Before: Laundry was inconveniently placed at the front of the house, resulting in space and light issues in the kitchen.
Range Wall After
Suzy agreed the wall and laundry room needed to go, which gained nearly 80 square feet for the new kitchen and a stunning focal-point wall that includes a new range, a stone-and-copper hood, and a tile backsplash set between the arched windows. “Those arched windows are fabulous,” Quinn says, adding that the wall is “the most architecturally important element in the room.”
After: Moving the laundry room upstairs and eliminating a wall captured space for a larger kitchen with a focal-point wall that includes a Wolf range and a François & Co. hood set between original windows.
The hood is handmade with a mixture of ground limestone, marble, and resins that are pressed into a mold, Quinn explains. The copper surface was created by lining the mold with copper dust and then pressing the stone mixture into it. Suzy notes that the hood has the look of sheet metal without the noise of vibrations or the maintenance issues.
While the kitchen space was enlarged from 232 square feet to about 312 square feet, Quinn kept the layout similar because it had worked well for Suzy.
Before: The island was in a good spot in the kitchen, but it needed an upgrade.
A 9-foot-long island topped with black walnut and curved on one side provides eating and work surfaces, and houses a microwave, two refrigerator drawers, a pellet ice maker (a must-have for Ed), and a fold-back door that conceals a lift-up shelf for the heavy stand mixer.
After: The island has a walnut top and perimeter countertops are Borneo marble with a matte “leather” finish. Subway tiles by the sink are from Walker Zanger. Faucet is from Kohler. The Smiths were able to keep an existing window valance above the sink.
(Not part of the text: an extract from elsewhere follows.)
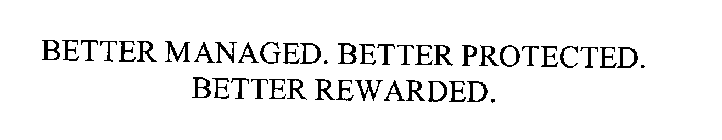 BETTER MANAGED. BETTER PROTECTED. BETTER REWARDED.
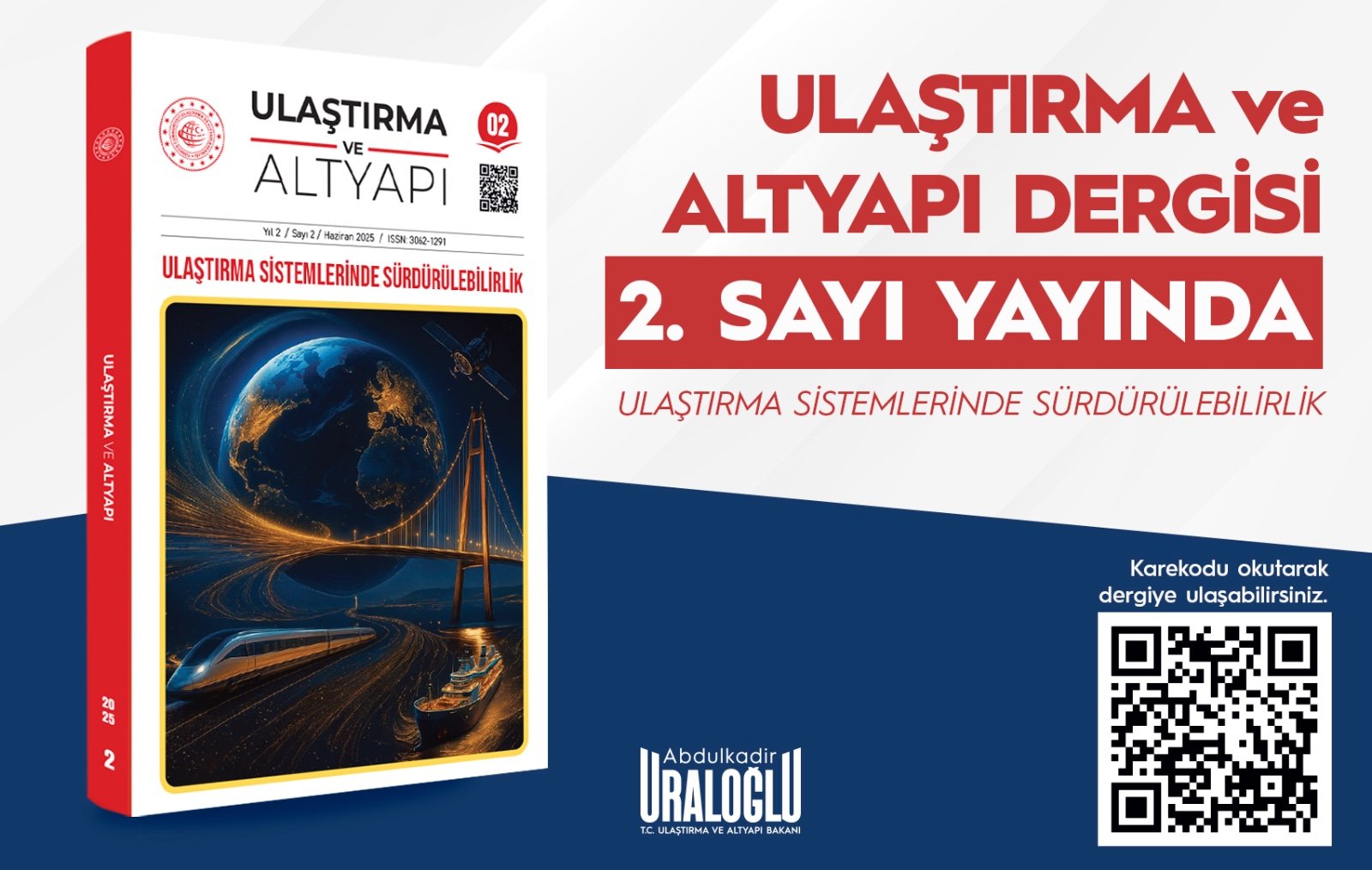 Ulaştırma ve Altyapı Bakanı Abdulkadir Uraloğlu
Nearly all the appliances are integrated into the cabinetry—a Quinn signature. “I prefer something other than a stainless-steel appliance to attract my eye,” he says. To the left of the range, a warming drawer looks like a standard cabinet drawer. The refrigerator, a tall dish cabinet, and the pantry door are camouflaged behind custom mirrored panels with curving lead mullions. “No one can tell the pantry is there. It’s a fun surprise,” Quinn says. The mullion design was inspired by a tiny detail in gates outside the home, he points out.
Mirrored panels and faux drawers mask the pantry’s entrance.
Charging Station Detail
Three “charging station” drawers, one for each family member, are tucked under the countertop near the pantry. Outlets in the back of each velvet-lined drawer allow for charging multiple devices—laptops, phones, and tablets—which keeps the tangle of cords out of sight. Even the television in the dining area is hidden, inset in the wall behind a painting that rises at the touch of a button.
Before: Exposed appliances and traditional cabinets occupied the wall.
Custom wall cabinets made with salvaged heart-pine wood and antiqued glass hold the Smiths’ delicate wineglasses. “When you open the doors, there’s this fabulous wood smell that goes so well with wine,” Quinn says.
After: Custom-made heart-pine cabinets hang on walls painted Benjamin Moore’s “Brandon Beige.” White lacquered cabinetry is from Downsview Kitchens.
The Smiths frequently entertain, and Suzy enjoys working at the island while guests sit on the stools or in the adjoining dining area. “Having a kitchen that is truly the heart of the home, a place where people feel comfortable hanging out, is everything,” she says happily.
The oil painting lifts via a motorized system to reveal a flat-panel TV mounted in the wall. The pine table was painted to match the RH dining chairs.
A coffee machine tucks into a niche on the countertop to the left of the sink. The food processor and small appliances are kept inside the mirrored cabinet.
Rustic metal lanterns with burlap-like tops add texture and a casual, warm vibe and provide soft illumination.